[Exercise objective]
In the material below, find the span from the line with "Claudia Richard Peach Floral Lace Blouse" to the line with "Custom Gabon Football" and transcribe only those lines, exactly, ends included, without the pictures.

[Supplied records]
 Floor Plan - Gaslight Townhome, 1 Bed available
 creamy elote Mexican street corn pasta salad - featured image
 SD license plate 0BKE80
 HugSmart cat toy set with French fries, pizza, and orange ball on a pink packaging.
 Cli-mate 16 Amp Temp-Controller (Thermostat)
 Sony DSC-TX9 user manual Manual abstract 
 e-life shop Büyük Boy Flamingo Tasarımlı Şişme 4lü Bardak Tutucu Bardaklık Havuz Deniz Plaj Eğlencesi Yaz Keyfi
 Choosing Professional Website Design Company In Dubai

==

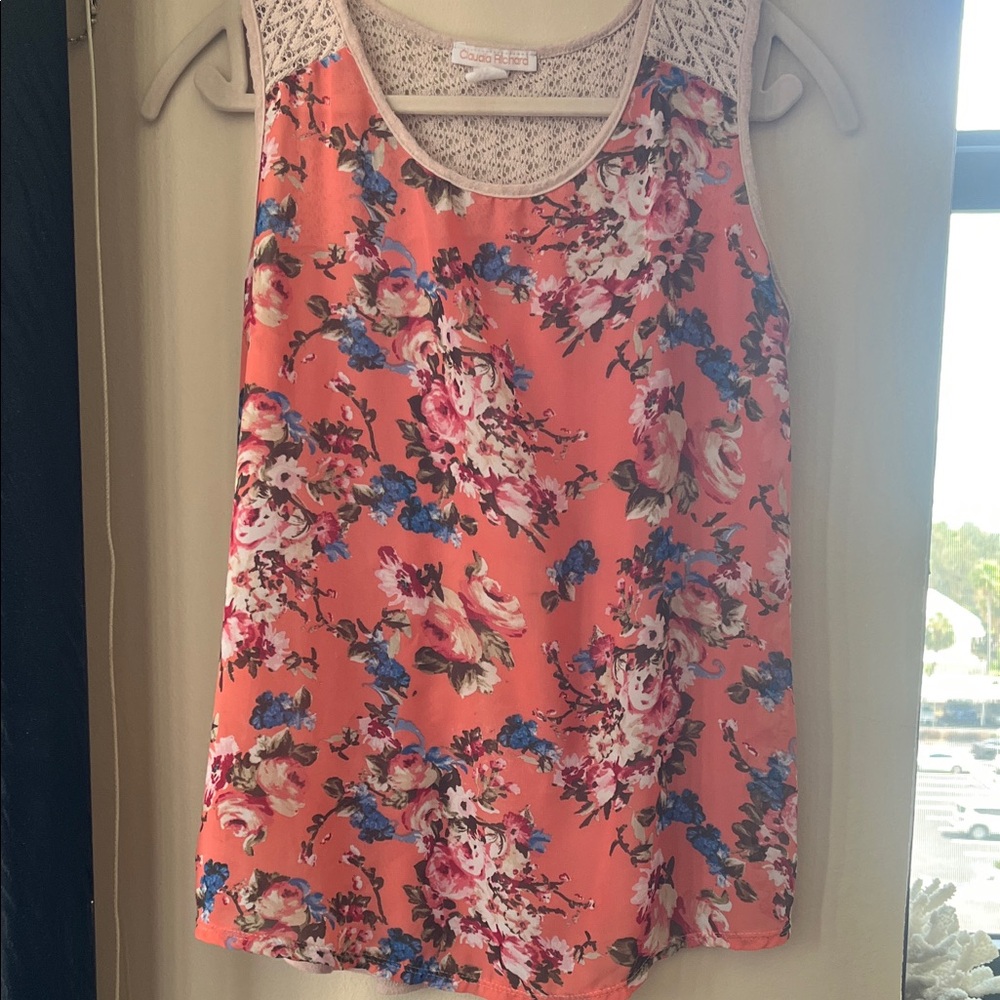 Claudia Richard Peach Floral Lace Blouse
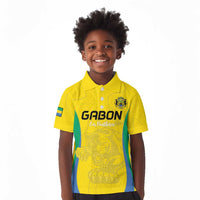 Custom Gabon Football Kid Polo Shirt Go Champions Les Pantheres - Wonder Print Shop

[Answer to this problem]
 Claudia Richard Peach Floral Lace Blouse
 Custom Gabon Football Kid Polo Shirt Go Champions Les Pantheres - Wonder Print Shop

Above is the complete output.